Pinewood Derby

28 Oct 2017

One of my colleagues has his own Pinewood Derby track. He picked it up when he was teaching high school science, and used Pinewood Derby as a science activity. He also uses an electronic timing system that keeps produces all of the race data.

Let’s explore!

Get the data

library(dplyr)
library(ggplot2)
library(lme4)
library(magrittr)
library(pixiedust)

options(pixiedust_print_method = "markdown")

load("PinewoodDerby.Rdata")

PinewoodDerby <- 
  PinewoodDerby %>% 
  mutate(car = factor(car))

The data contains the following columns:

The first question that was brought up when discussing these data with my colleagues was whether the lanes themselves are biased. That is, is there evidence that any lane runs faster than another. A simple boxplot (below) doesn’t seem to show much evidence of this.

library(ggplot2)
ggplot(data = PinewoodDerby,
       mapping = aes(x = lane,
                     y = time,
                     colour = factor(lane))) + 
  geom_boxplot() + 
  geom_jitter(width = 0.1)

We can use a couple of different models to confirm this finding. A simple approach is to use a linear model.

fit_lm <- 
  lm(time ~ lane, 
    data = PinewoodDerby) 

fit_lm %>% 
  dust()
term estimate std.error statistic p.value
(Intercept) 3.5709875 0.0953411 37.4548689 0
lane2 0.0813344 0.1348326 0.6032247 0.547461
lane3 0.0736063 0.1348326 0.5459082 0.5861098
lane4 0.1048 0.1348326 0.7772599 0.4384858

That’s a pretty high p-value, which doesn’t give us much reason to believe that the lanes are different. Another approach we could take is to use a mixed effects model. This would let us declare each car as a random factor.

fit_me <- 
   lmer(time ~ (1|car) + lane,
        data = PinewoodDerby) 

fit_me %>% 
   dust() 
term estimate std.error statistic group
(Intercept) 3.5709875 0.0953411 37.4548684 fixed
lane2 0.0813344 0.08009 1.0155376 fixed
lane3 0.0736063 0.08009 0.9190446 fixed
lane4 0.1048 0.08009 1.3085285 fixed
sd_(Intercept).car 0.4338744 NA NA car
sd_Observation.Residual 0.3203599 NA NA Residual

What’s interesting between these two models is that the coefficients didn’t change at all between them, but the t-statistics are a bit larger in the mixed model. The mixed model thinks there’s a stronger case for the lanes being a little bit different. It makes this conclusion by recognizing that there are differences between the cars themselves. In fact, we can get very similar results with the linear model

fit_lm_alt <- lm(time ~ car + lane, 
                 data = PinewoodDerby)

Unfortunately, this model requires 34 degrees of freedom (because of so many cars), when there are only 128 observations in the data set. Including that many degrees of freedom could overfit the model, and probably isn’t a good idea. Then again, stuffing all of that data into one degree of freedom as a random effect is kind of squishy, but it’s quite the same theoretical adjustment and statisticians seem to be comfortable letting that slide.
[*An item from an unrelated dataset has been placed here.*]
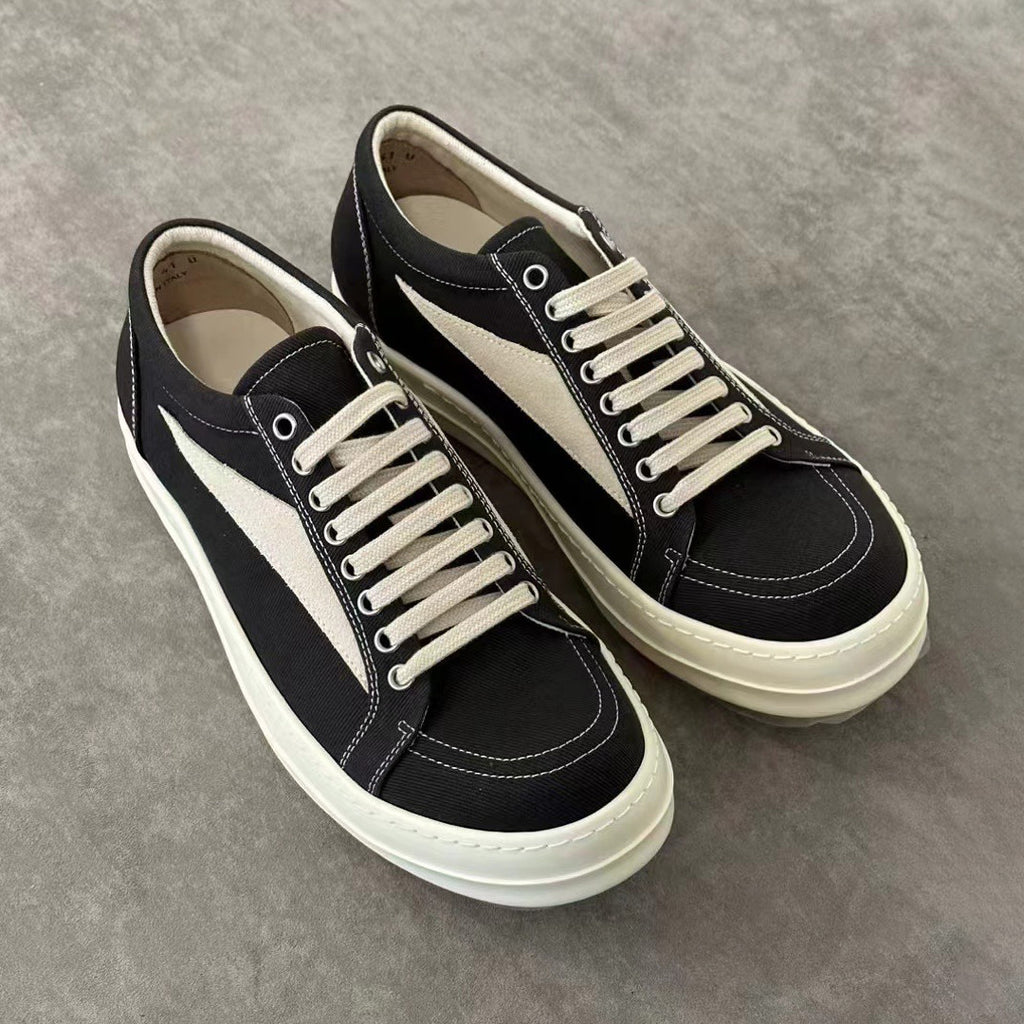 Rick Owens Men's And Women's Spring/Fall Fashion Casual Round Toe Lace Up Color Block Flat Low Top Sneakers Shoes #79449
The next question of interest is whether the mixed effects model really has any advantage over the linear model. We can compare the AIC values between the two models. This shows the linear model has an AIC of 211.1232236, and the mixed effects model of 161.2001289. The mixed effects model appears to have a slightly better fit, though it’s hard to tell if this is a meaningful increase. For that we’d have to look at a likelihood ratio test, which is a topic for another day.

Ultimately, which model has a better fit isn’t of much use to us, as both models suggest that there isn’t a significant difference between lanes. If they had produced different conclusions, it would be worthwhile to explore further. For now, we can be confident that race results are being determined by which lane the cars run on.